El emisario se encogió de hombros y señaló hacia lo alto. Izam siguió la indicación para, a considerable altura, reconocer a Drogo en el patio de armas. Mediante gestos, el magistrado le ordenó que trepara por el andamio pegado a la muralla. Antes de obedecer, el emisario le pidió que le entregara la ballesta. Izam se la dio. Luego se santiguó y comenzó la escalada.

Al principio parecía sólido, pero conforme ascendía, el armazón de palos y cuerdas comenzó a crujir como si fuera a hundirse, así que continuó el ascenso procurando apoyarse en las uniones más trabadas. La pierna herida le molestaba, pero sus manos se aferraban a los salientes igual que si fueran zarpas. Cuanto más subía por la estructura, ésta más se bamboleaba.

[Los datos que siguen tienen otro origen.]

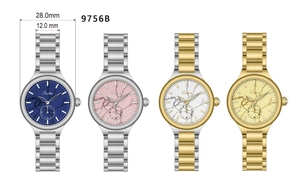 Detail view of 28mm marble dial quartz watches in four colors with 12mm steel bands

A dos tercios de la cúspide se detuvo para recuperar el resuello, con la lluvia y el viento azotándole la cara. Abajo, en el foso, el lecho de roca parecía aguardar a que las fuerzas le fallaran. Tomó aire y continuó el ascenso hasta coronar el andamiaje, justo donde se apoyaba el tronco que unía la muralla con la torre de vigilancia.

No esperaron a que se recuperara. Al otro extremo aguardaban Wilfred en su silla, Flavio Diácono, Drogo y Alcuino. Más alejada, Theresa permanecía custodiada por dos soldados. La distinguió sin capucha pero aún amordazada. Pese a la distancia pudo advertir sus ojos de terror, y junto a ella, un hombre alto con un hacha. El corazón se le encogió. En ese instante Drogo se adelantó y le pidió a Izam que jurara.

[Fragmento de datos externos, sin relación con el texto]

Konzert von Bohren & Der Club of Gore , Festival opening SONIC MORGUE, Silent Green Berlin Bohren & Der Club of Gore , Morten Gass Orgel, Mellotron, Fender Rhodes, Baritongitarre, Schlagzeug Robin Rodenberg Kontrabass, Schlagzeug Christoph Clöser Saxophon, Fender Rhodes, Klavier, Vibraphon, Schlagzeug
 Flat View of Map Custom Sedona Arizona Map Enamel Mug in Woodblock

– En el nombre del Señor, santiguaos y preparaos para el combate. Alcuino presenta a un campeón -le gritó señalando al hombre del hacha-. Por ser él el ofendido, se encuentra en su derecho. Ahora jurad lealtad a Dios y que Él guíe vuestras armas.

Izam juró. Luego Drogo se volvió hacia el hombre del hacha y le indicó que se preparara.

– ¡Honor para el vencedor, e infierno para el que caiga!

Izam comprendió que el duelo se celebraría sobre el vacío, así que mientras su oponente llegaba, estudió el tronco donde se batirían. Advirtió que su contorno superior estaba torpemente tallado, como si en algún momento lo hubieran empleado de puente entre la torre y la muralla. Aun así, mantener el equilibrio resultaría complicado porque la lluvia no cesaba. Se fijó en que a mitad del madero, asegurados sobre la superficie más plana, aparecían dispuestos varios odres de piel pequeños. No imaginó ni su propósito, ni el contenido que los abultaba.

En ese momento alzó la mirada y observó cómo su oponente salvaba el pretil de la torre para erguirse sobre el tronco auxiliándose con el hacha. Protegía su torso con un coleto de cuero y lucía botas claveteadas. Sin duda era Hóos Larsson. Los tatuajes le delataban.